Martin: I'm just saying, christmas isn't the time you try to
mould somebody, which is what you're trying to do with
Frederick.
Frasier: I think I know what's good for my own son.
(Frederick comes in)
Frederick: I brushed my teeth, daddy
Frasier: Oh, that's my boy. Come on. (he picks Frederick up)
(Frederick says something to Niles in German and Niles replies.
This is why I won't be doing the episode with the swordfight)
Martin: Hey, you'd better get to sleep, or Santa won't come.
Frederick: Ok. I know just what Santa's bringing me this year, dad.
Martin: (aside) I bet you don't.
Frederick: Yes I do too. It's an 'Outlaw Laser Robo Geek'.
Frasier: What makes you think that?
Frederick: Because I asked Santa for it in my letter. They are sooo
cool.
Frasier: Ahh, listen ahh, Frederick, there's erm.. (Frederick runs
towards the bedroom) Frederick, where are you going?
Frederick: I'm going to make myself fall asleep right away, so
the next thing I know, it'll be morning. Goodnight Daddy.
Frasier: I'll come in and tuck you in in a minute.
Frederick: Goodnight grandpa. Goodnight uncle Niles.
Martin: Goodnight.
Niles: Goodnight Frederick. I'm going to go home and go to bed too.
Frederick: I hope aunt Maris comes out of her coma. (he goes to bed)
Niles: He asked where she was, I thought the truth might just upset
him. I'll see you in the morning, merry christmas.(he leaves)
Martin: See you tomorrow.
Frasier: Well, this is turning out to be quite a christmas.
Martin: Oh, it's going to be fine.
Frasier: Done it again. Gotten everyone the wrong gifts. What is
it about me? (getting present from under tree) Well, here,
you might as well open your gift now. No reason for everyone
to be disappointed tomorrow.
Martin: Hey. I'm sure I'm gonna love it. (he opens the gift.)
Frasier: I doubt it. Not exactly my night.

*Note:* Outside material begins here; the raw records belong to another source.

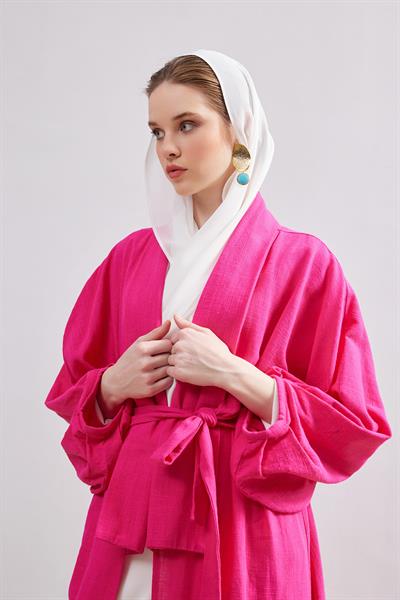 Natural Cotton Abaya - FUCHSİA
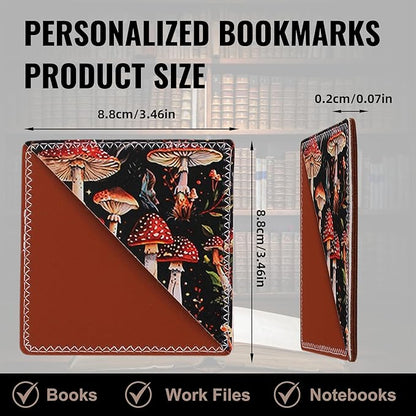 4 Pieces Leather Bookmarks, Cute Book Accessories for Reading Lovers, Page Markers for Women Men Kids Students Teachers Retirement Birthday Gift (Mushroom)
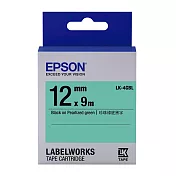 EPSON LK-4GBL 12mm 綠底黑字 原廠珍珠彩系列標籤帶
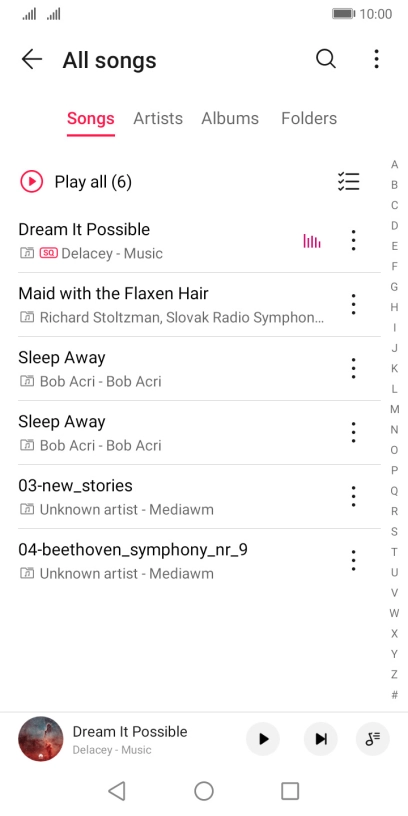 Press the required category and go to the required audio file. Press the required category and go to the required audio file.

Martin: Hey. A robe. Great. I love it.
Frasier: No you don't. It's not a robe, it's a dressing gown. Noel
Coward would love it, but it's not you.
Martin: hey, I love Noel Coward.
Frasier: Dad, you're overcompensating.
Martin: Some people are hard to buy for, I'm sorry. But, you know,
you are too, I never know what to get you. Here. (puts
present in front of Frasier) You might as well open this
now.
Frasier: (opening present) Yeah. Guess it was easier,
when I was small. 'Cos kids always know what they want,
don't they?
Martin: Yeah, yeah. It's rough for adults.
(Frasier sees what's inside the box. He's almost in tears)
Frasier: Oh, dad.
Martin: Merry christmas, son.
Frasier: How did you know? It's jut what I always wanted. My very
own 'Outlaw Laser Robo Geek'.
(they hug)
Frasier: Oh, dad. Oh, oh, listen. Are the batteries included?
Martin: In the box.
Frasier: Dad!
End of Act Two. (Time: : )
Tag: Martin tries to take Eddie for a walk, but Eddie refuses
to move until the Santa out has been removed.